The Vagrancy Act has been used hundreds of times in Wales – 375 arrests between 2014 and 2018 – increasing the number of people experiencing homelessness implicated in the criminal justice system.
As the figures in Wales show an increase in Vagrancy arrests, here’s our response.
“Like the Welsh Government Future Generations pledge, we want to see a Wales with thriving communities, where people are not criminalised because of their housing situation – or lack thereof.
“The Wallich supported 2,871 people living a street-based lifestyle in Wales in 2018 and there’s been a 45% increase in the number of people sleeping rough in Wales between 2015-18.

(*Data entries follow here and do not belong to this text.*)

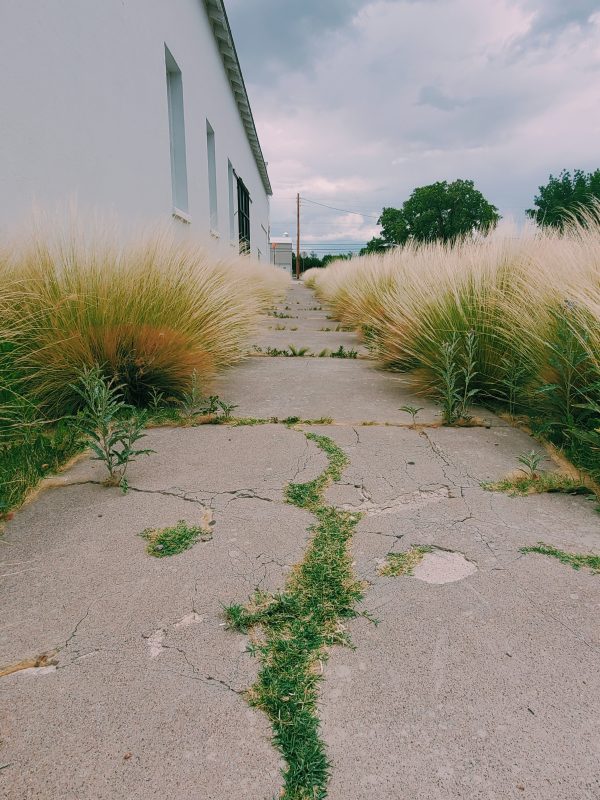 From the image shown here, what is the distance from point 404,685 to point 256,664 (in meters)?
0.23

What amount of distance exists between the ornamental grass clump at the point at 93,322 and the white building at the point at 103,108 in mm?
408

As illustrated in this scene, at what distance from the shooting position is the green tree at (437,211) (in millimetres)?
33125

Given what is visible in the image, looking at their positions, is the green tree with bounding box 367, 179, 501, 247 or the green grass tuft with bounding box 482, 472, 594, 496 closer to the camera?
the green grass tuft with bounding box 482, 472, 594, 496

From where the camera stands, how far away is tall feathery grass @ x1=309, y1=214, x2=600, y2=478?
1.72 metres

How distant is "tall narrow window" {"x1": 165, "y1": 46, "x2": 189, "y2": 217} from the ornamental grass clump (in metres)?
3.84

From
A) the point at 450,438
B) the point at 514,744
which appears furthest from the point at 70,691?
the point at 450,438

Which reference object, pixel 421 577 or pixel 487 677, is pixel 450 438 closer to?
pixel 421 577

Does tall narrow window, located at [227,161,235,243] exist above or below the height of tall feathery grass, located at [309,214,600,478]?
above

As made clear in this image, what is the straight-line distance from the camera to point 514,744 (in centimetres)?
66

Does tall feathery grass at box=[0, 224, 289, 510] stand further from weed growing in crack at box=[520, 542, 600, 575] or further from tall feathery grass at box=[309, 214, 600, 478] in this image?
weed growing in crack at box=[520, 542, 600, 575]

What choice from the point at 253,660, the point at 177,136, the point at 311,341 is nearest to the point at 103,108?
the point at 311,341

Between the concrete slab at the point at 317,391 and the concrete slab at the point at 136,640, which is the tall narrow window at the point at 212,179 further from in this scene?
the concrete slab at the point at 136,640

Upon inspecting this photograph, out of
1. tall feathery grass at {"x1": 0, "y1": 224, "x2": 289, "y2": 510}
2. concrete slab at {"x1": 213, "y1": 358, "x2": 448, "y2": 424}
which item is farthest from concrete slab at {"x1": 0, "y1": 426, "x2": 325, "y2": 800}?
concrete slab at {"x1": 213, "y1": 358, "x2": 448, "y2": 424}

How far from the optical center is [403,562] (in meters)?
1.08
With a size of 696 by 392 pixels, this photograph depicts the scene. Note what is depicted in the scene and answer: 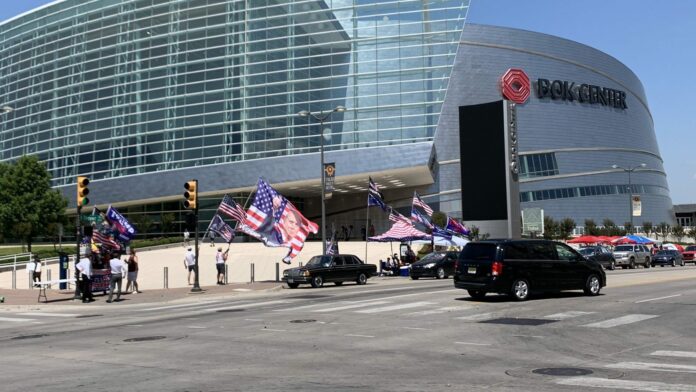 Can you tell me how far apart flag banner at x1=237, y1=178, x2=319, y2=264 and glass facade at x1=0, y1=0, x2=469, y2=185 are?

“Criminalising the people we support is extremely counter-productive. Vulnerable people are being given fines they cannot pay, resulting in unnecessary prison sentences, continuing the cycle of repeat homelessness and hindering any opportunity to move forward with their lives.
“The Vagrancy Act is outdated and not fit-for-purpose. In terms of language, it’s open to interpretation in practice, but it is archaic in a legal sense too. The police have other, more modern laws, they can use in instances of anti-social behaviour.

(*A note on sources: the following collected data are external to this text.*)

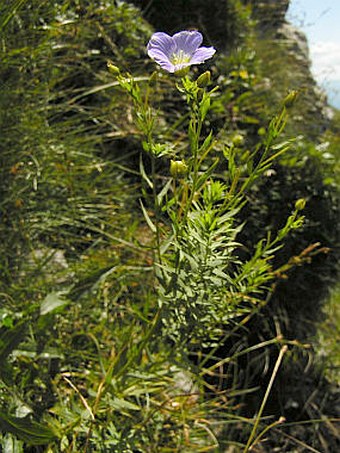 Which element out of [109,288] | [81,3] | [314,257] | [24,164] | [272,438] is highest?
[81,3]

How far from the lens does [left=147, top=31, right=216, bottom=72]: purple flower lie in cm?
60

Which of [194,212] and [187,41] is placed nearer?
[187,41]

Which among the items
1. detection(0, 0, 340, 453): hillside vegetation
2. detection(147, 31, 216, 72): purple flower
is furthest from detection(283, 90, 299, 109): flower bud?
detection(147, 31, 216, 72): purple flower

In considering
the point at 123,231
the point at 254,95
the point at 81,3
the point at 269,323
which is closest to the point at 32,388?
the point at 123,231

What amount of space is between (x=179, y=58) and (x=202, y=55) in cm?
3

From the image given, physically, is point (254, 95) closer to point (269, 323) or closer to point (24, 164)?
point (269, 323)

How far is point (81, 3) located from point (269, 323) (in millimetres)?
1289

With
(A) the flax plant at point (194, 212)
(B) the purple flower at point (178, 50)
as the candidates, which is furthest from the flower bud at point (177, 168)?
(B) the purple flower at point (178, 50)

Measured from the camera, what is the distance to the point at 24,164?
1.37m

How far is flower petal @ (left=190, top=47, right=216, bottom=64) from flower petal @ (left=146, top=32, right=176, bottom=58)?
3cm

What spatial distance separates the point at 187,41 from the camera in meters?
0.63

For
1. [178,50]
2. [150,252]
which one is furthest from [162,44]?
[150,252]

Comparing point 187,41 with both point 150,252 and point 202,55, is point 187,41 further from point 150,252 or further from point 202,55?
point 150,252

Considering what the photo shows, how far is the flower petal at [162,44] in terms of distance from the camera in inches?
24.0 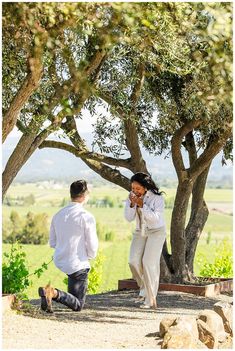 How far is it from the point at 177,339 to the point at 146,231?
3656mm

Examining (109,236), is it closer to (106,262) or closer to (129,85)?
(106,262)

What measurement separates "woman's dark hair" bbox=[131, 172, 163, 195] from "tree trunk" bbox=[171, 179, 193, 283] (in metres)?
3.97

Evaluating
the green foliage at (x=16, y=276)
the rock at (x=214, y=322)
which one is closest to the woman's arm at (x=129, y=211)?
the green foliage at (x=16, y=276)

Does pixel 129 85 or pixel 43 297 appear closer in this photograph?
pixel 43 297

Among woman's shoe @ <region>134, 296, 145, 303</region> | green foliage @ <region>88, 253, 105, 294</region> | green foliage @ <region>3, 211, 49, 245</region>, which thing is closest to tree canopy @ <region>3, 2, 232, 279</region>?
woman's shoe @ <region>134, 296, 145, 303</region>

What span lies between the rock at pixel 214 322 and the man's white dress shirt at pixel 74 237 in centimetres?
183

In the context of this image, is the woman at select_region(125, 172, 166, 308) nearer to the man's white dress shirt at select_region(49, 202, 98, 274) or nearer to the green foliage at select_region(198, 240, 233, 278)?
the man's white dress shirt at select_region(49, 202, 98, 274)

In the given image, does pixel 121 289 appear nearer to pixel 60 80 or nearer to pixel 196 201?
pixel 196 201

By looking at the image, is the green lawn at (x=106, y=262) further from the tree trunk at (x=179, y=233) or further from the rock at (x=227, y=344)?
the rock at (x=227, y=344)

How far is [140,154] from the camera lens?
53.5 feet

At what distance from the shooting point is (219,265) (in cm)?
2111

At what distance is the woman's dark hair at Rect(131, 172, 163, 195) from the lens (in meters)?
12.5

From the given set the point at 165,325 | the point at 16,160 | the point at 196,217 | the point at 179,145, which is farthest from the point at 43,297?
the point at 196,217

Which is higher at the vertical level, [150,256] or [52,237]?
[52,237] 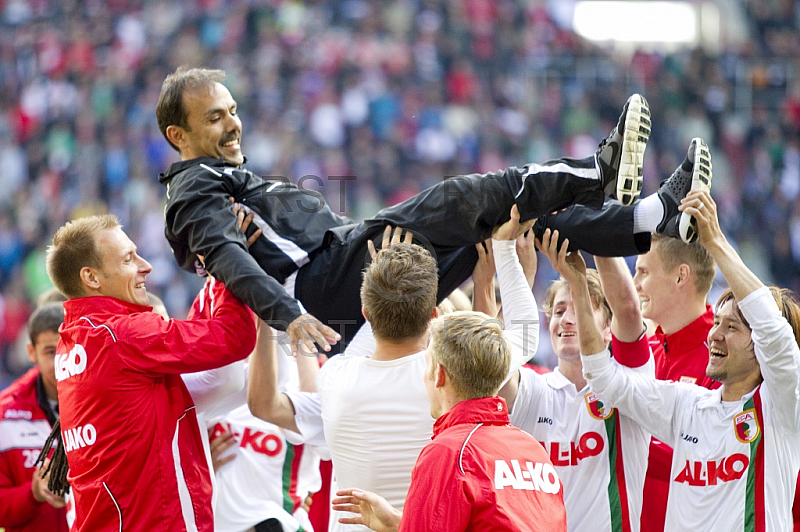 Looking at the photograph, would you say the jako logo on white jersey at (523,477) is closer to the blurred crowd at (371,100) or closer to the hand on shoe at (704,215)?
the hand on shoe at (704,215)

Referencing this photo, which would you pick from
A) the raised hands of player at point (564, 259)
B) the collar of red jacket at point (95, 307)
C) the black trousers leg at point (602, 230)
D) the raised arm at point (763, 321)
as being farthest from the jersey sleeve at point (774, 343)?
the collar of red jacket at point (95, 307)

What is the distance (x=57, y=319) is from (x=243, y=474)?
1273 millimetres

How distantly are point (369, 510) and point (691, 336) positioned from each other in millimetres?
1979

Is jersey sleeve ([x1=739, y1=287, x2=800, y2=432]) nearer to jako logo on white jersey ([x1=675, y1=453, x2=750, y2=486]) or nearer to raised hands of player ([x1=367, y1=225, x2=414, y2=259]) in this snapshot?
jako logo on white jersey ([x1=675, y1=453, x2=750, y2=486])

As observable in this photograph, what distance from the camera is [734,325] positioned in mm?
3578

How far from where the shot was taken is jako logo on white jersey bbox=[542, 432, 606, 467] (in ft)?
12.4

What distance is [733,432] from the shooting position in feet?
11.6

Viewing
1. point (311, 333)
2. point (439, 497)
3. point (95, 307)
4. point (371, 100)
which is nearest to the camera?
point (439, 497)

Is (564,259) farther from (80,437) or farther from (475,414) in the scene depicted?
(80,437)

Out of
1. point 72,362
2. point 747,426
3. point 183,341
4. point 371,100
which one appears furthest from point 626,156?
point 371,100

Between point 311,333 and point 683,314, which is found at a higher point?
point 311,333

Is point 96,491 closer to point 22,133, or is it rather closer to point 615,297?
point 615,297

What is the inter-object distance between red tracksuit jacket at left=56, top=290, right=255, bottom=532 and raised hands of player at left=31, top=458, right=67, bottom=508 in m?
0.81

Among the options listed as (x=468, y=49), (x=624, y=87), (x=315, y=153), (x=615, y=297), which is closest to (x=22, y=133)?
(x=315, y=153) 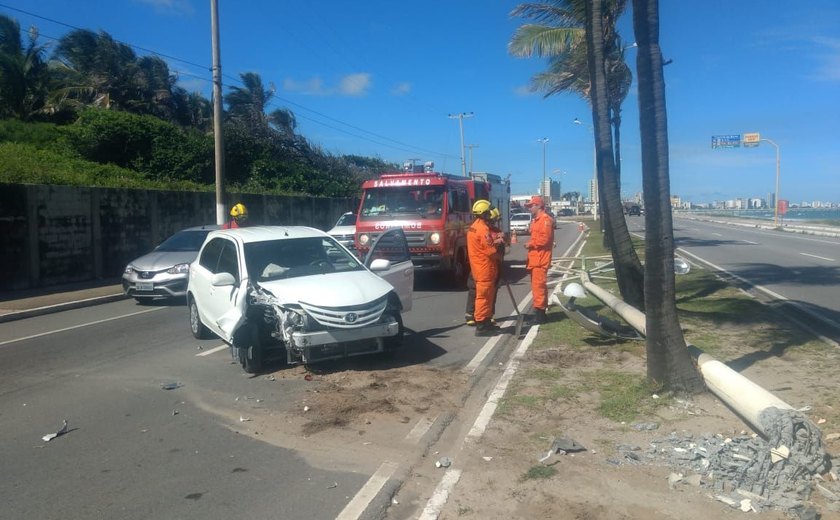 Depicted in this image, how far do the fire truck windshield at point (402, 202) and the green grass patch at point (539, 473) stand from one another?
10.7 meters

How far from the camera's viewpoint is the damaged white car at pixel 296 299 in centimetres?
730

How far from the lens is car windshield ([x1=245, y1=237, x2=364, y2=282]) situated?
8211 mm

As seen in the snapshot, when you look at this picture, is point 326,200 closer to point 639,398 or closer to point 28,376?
point 28,376

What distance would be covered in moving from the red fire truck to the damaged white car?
5.62m

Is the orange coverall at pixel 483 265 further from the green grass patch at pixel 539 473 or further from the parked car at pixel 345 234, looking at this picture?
the parked car at pixel 345 234

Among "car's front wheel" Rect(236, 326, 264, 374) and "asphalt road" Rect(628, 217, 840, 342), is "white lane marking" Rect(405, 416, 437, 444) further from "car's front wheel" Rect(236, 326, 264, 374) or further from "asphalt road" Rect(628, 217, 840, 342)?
"asphalt road" Rect(628, 217, 840, 342)

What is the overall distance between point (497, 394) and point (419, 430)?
3.82 ft

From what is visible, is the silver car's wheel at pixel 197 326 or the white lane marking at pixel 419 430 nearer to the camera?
the white lane marking at pixel 419 430

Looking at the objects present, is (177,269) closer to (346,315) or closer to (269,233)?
(269,233)

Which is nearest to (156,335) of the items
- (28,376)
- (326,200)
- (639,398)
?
(28,376)

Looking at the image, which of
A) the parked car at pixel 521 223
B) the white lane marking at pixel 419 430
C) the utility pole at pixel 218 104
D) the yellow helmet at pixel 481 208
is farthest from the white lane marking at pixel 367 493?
Result: the parked car at pixel 521 223

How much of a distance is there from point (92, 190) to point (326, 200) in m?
16.7

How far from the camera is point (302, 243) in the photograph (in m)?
8.90

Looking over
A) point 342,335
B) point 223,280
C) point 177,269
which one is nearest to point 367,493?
point 342,335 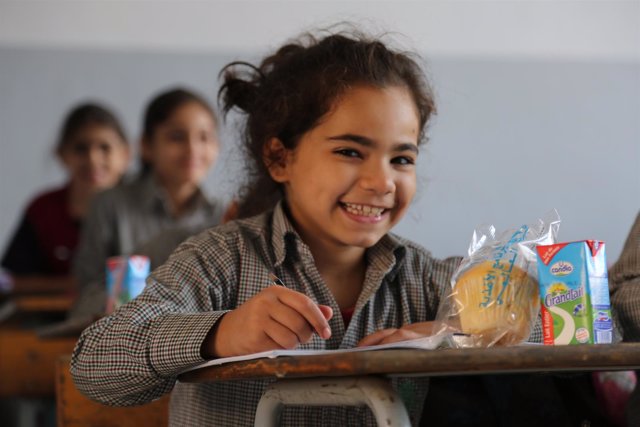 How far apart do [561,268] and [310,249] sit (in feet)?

“The Act is being used to prosecute people for sleeping rough. Being homeless is not a crime, and we have to make sure it doesn’t become one.
“We are disappointed that the number of arrests in Wales under the Vagrancy Act has gone up.
“Although the government is conducting a review, along with our partners across the UK, we are calling for the Act to be repealed altogether to stop the targeting of vulnerable people.”
The Vagrancy Act of 1824 is still used to criminalise people just for rough sleeping and begging across England and Wales.
We support its abolishment because the Act does nothing to tackle the causes of homelessness.